When that didn’t work, possibly because the trunk wasn’t air tight, Sara tried holding her breath, willing her body to give up, picturing her brain cells dying and bodily functions ceasing through the sheer force of determination.
That didn’t work either. Sara sobbed for a while, alternately being assaulted by terrifying memories of the past, self-hatred at her own naivete for loving and trusting and being married to a monster, and the despair of what would happen to the rest of her kids, and the horror of the tortures yet to come. The darkness nipped away at her soul, the heat and cramps making the claustrophobia even worse than when Paulie Gunther Spence abducted her a lifetime ago. The feeling of helplessness was so encompassing, so powerful, she lost all sense of anything else.
The shift was gradual. The sobbing abated, mostly out of exhaustion. The darkness remained, but became a tiny bit more bearable. Anger snuck into the mix, jockeying for position against fear and guilt. It built slowly, and Sara embraced it, fed off of it, and added a fuel she didn’t have when she was eleven years old. Responsibility.
This wasn’t just her life on the line. There were children involved. Children she’d pledged to help and protect.
She couldn’t do either while stuck in a trunk.

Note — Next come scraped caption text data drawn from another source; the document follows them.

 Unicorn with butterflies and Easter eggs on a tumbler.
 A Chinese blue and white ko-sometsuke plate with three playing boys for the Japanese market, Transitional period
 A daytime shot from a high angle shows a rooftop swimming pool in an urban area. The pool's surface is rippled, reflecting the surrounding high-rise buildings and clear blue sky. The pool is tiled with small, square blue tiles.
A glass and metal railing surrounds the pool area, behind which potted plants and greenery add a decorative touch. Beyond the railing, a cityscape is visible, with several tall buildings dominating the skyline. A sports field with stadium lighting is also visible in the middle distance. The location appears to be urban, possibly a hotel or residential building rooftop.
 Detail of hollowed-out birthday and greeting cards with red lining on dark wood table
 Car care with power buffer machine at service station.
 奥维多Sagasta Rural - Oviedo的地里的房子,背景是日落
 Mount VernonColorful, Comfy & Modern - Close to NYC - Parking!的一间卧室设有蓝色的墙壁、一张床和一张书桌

Sara stretched out a crick in her neck, shifted her weight, and began to test her bonds. The rope was thin, nylon, the same type the ferals had used to string up Martin.

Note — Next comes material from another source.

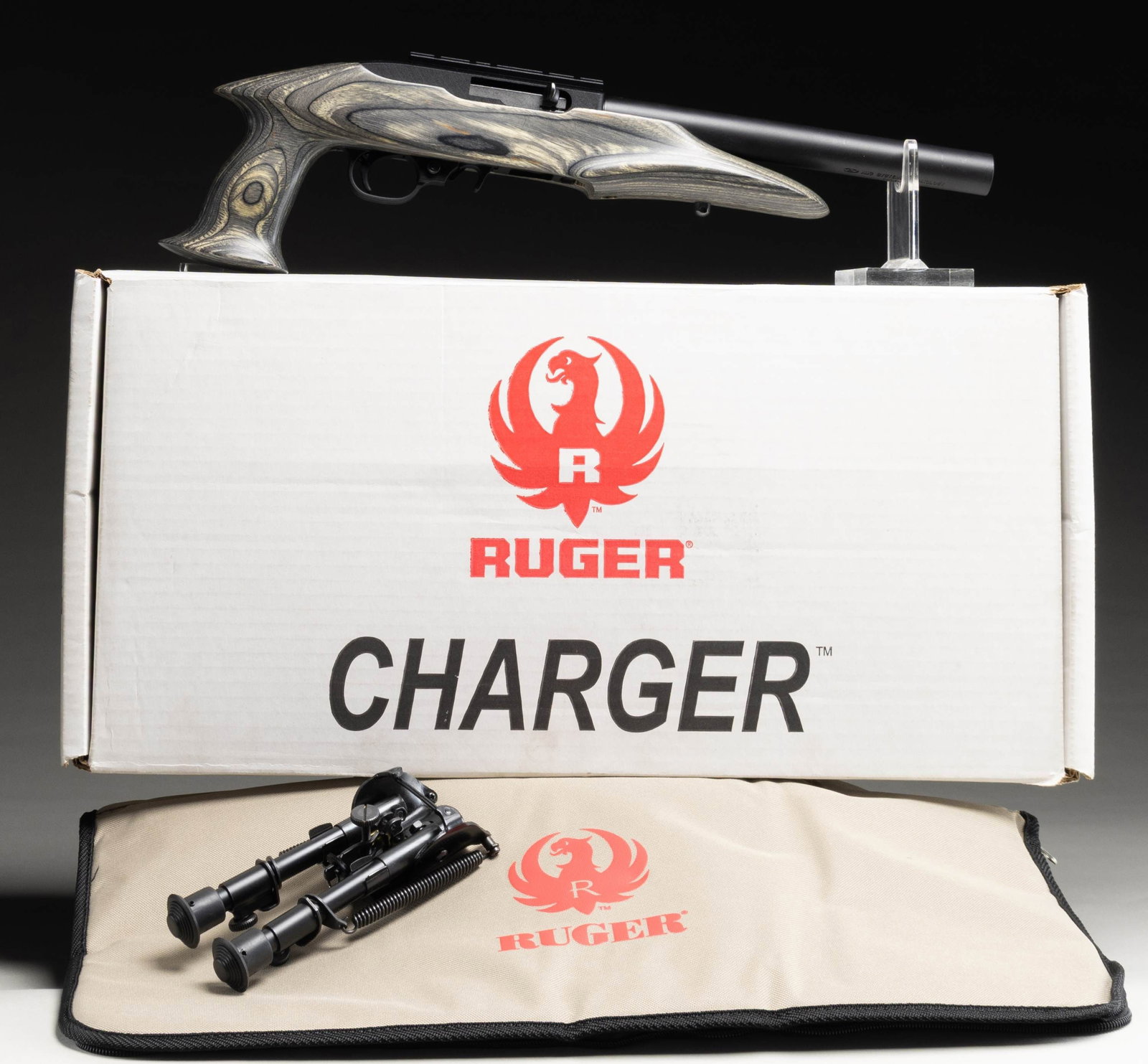 NEW RUGER 22 CHARGER SEMI-AUTOMATIC PISTOL: WITH INTEGRAL AWC ULTRA II SILENCER & ACCESSORIES. Cal. 22 (22 LR). S# 490-12825 (receiver) 080777 (silencer). Bbl. 10" (with silencer). 22 Charger semi-automatic pistol mfg. by Ruger and subsequently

She let the anger carry her forward, twisting her arms, trying to get some play in the rope to slip out. Her wrists became slick, first with sweat, then with blood, but the knots were simply too tight.

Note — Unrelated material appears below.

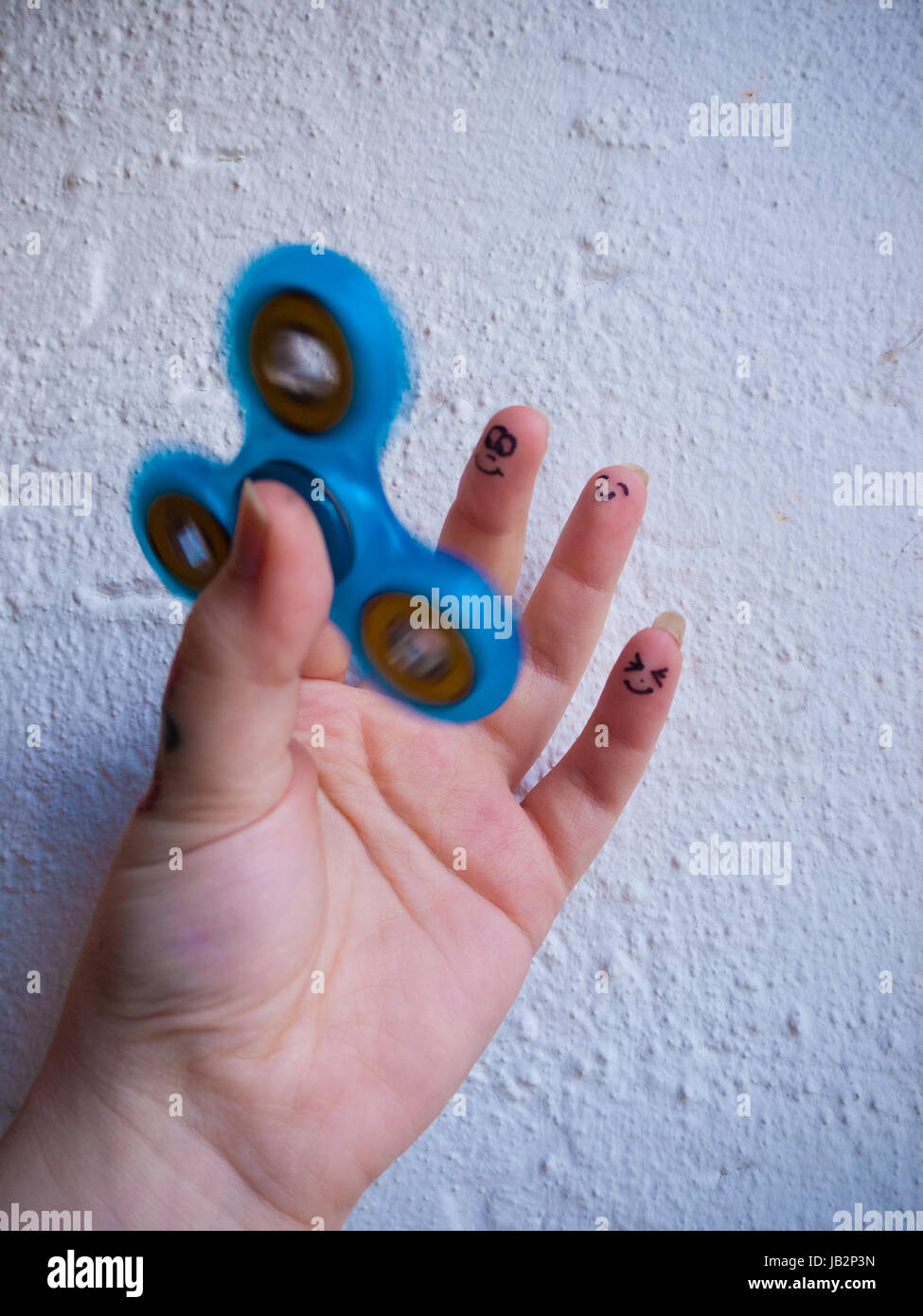 A moving fidget spinner in a hand with different smiling faces on the last three fingers Stock Photo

Then she remembered the nail clippers that she’d shoved into her back pocket while at the campsite. Were they still there, or had Martin taken them?
Sara shifted again, bending her knees to give her hands more room to work. Her fingers dug into her pocket and touched the small metal object.
They weren’t the best tool for the job, and Sara couldn’t see what she was doing, but she opened up the clippers and began to slowly nip away at the rope binding her left wrist.
It was slow going, and involved intense concentration. The clippers were slippery, and the repetitive motion made her fingers cramp and throb. But she kept at it, clipping a few nylons threads at a time, and after five minutes of exhausting work she was through the rope.
It freed her left arm, which was one of the greatest feelings Sara had ever experienced. But her right wrist was still tied to her legs, the multiple knots Martin had used still holding tight. Sara attacked the rope again, using her left hand. But it lacked the control, and strength, of her right, and after ten minutes she’d only gotten halfway through.
Self-doubt returned. Martin could come back any minute. He might even be in the room right now. Maybe he left her the nail clippers on purpose, seeing if she’d try to escape, waiting for her to come out. He’d fooled Sara for six years without her suspecting a thing. Clearly he was capable of anything.
The darkness pressed down on Sara, getting into her nose and mouth and ears, reminding her what was going to happen.
She doubled her effort, fighting the cramps, imagining the clippers were a tiny alligator, relentless, tenacious, biting, biting, biting—
Sara didn’t bother with her ankles. She turned onto her back, pressed her feet against the top of the trunk, and pushed like she was doing the mother of all leg-presses.
The trunk lid creaked, then popped open, drenching Sara in beautiful, magestic light.